Friday, November 5, 2010

FACE IT

Last night, I had a dee-lightful evening at dinner with a fairly new friend in my orbit along with his equally wonderful boyfriend, whom I had never met before. We had a great evening and the banter was fast and the one-liners were even quicker. One of them is an inveterate reader and actually brought with him the second book I wrote (when the world was young) which he checked out of the library one block away from the restaurant. It's a minor book, to my mind, in my "catalog" of non-fiction titles I've written and not one that I mention or, even more, pick up and read. However, the hardcover edition, which he had, included my author photo on the inside back jacket.
The photo is now 30 years old (and I'm, alas, not). While the bf looked at the picture, my friend opened it further to really look at the photo and he audibly gasped and lurched back for a nano-second in his seat. At least, that's how I remember it 24 hours after the fact :)

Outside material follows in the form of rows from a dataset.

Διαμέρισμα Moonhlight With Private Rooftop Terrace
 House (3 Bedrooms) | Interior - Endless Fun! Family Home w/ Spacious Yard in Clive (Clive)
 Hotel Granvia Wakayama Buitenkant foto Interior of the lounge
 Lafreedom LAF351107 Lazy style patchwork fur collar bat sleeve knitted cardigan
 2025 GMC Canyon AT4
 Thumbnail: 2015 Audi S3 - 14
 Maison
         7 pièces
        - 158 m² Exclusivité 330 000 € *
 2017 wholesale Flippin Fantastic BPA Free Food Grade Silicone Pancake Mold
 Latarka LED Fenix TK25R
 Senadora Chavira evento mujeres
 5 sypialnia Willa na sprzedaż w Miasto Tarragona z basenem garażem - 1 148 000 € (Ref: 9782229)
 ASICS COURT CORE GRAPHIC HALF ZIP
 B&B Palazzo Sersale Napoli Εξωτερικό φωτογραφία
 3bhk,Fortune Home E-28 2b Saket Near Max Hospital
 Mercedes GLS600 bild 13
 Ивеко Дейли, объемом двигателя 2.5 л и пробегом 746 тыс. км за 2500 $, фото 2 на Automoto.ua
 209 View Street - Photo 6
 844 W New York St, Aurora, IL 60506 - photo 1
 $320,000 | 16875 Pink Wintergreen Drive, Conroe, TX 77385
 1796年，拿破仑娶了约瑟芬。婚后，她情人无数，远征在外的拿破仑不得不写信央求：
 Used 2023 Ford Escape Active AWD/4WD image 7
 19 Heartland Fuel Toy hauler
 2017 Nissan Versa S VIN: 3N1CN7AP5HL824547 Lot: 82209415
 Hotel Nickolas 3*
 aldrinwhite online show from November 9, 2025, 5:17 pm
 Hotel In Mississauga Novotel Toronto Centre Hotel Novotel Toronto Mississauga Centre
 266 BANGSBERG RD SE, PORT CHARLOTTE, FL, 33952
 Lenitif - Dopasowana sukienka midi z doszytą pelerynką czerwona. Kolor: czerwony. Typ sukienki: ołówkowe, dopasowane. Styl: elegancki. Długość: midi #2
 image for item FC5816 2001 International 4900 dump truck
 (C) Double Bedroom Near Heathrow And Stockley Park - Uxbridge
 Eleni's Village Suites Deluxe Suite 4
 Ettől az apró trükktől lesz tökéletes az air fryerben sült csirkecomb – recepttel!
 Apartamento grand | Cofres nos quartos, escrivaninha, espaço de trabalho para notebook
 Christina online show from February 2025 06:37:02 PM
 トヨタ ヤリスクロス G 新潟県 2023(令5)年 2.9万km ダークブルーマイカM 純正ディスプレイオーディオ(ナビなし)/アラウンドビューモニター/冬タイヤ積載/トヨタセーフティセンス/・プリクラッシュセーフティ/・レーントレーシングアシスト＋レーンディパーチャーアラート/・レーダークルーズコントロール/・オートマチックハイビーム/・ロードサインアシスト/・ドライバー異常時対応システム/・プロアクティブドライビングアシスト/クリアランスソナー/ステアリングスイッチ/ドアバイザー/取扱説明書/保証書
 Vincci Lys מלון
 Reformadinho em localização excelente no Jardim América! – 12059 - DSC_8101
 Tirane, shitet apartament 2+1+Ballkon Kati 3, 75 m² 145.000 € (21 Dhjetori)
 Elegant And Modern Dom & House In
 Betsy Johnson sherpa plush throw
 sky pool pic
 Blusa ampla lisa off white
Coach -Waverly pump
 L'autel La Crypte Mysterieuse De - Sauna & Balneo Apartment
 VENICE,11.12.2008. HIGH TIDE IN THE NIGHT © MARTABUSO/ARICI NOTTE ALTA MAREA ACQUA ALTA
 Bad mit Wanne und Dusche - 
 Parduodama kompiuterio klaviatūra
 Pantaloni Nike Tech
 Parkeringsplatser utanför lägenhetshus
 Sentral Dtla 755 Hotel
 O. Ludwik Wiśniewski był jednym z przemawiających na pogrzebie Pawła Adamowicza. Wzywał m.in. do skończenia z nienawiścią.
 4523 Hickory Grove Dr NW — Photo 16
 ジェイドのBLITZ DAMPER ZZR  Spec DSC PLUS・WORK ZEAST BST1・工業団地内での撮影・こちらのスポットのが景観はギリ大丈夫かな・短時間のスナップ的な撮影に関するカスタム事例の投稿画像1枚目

Sure, I'm, well, 30 years older than I was in that photo and I have to claim that (where's that vial of Botox, anyway?) and live with it, and accept it (as best as any single gay man can, I suppose), but what really struck me came later when I got home. I gave them a tour of the house, which they seemed to like very much (very gratifying to me, as they both have superb taste), but after they left, curiosity got the better of me and I opened a copy of that same book and looked at my (now-ancient) author photo.
What struck me, and saddened me at the same time, is that I really was OK looking. On a good day, and in that picture at least, nicely attractive. It's hard, even in retrospect, to write that about myself, but I was good looking; perhaps I'm the mature version, still, and fairly adequately appearing on a good day after a couple cups of coffee and never before 11AM.
"My God, the moon is bright!," as Vera Charles said to Mame Dennis...
The part that gave me an empty, sad feeling is that I never, ever felt I was attractive, even at my so-called "peak" or blush of youth. I never had self-confidence, or bravado or held on to any personal currency which I felt had anything to do with how I looked. I knew I was smart, I knew I could write, I knew I had a sense of humor and could make people laugh with a one-liner or two, when I felt comfortable enough and relaxed to do so...but I never felt attractive...certainly, never "hot" or "studly" or "handsome"...I certainly don't feel anything like that now. I hate pictures of myself, maybe liking one out of 30, maybe.
I wish, and I say this to others also struggling with self-image issues, if someone says you're attractive or handsome or pretty or nice-looking, don't question it, take it in, enjoy it, savor it. It doesn't have to define you but it certainly can help make a good day better and a bad day worthwhile, sometimes.
I look back on those days now and think, if only I had reveled in the youth I had, felt that I was gosh-darn handsome or good-looking for a day or a week. Who knows what my world would have been like without always doubting myself in a physical way, especially in the gay world.
It's like having your driver's license photo taken and it's a terrible, terrible picture. You can't bear to look at it. But then, four years later or maybe eight years later when you have to go in and get a new picture taken, you look at that old one and think, 'you know, that photo isn't so bad!"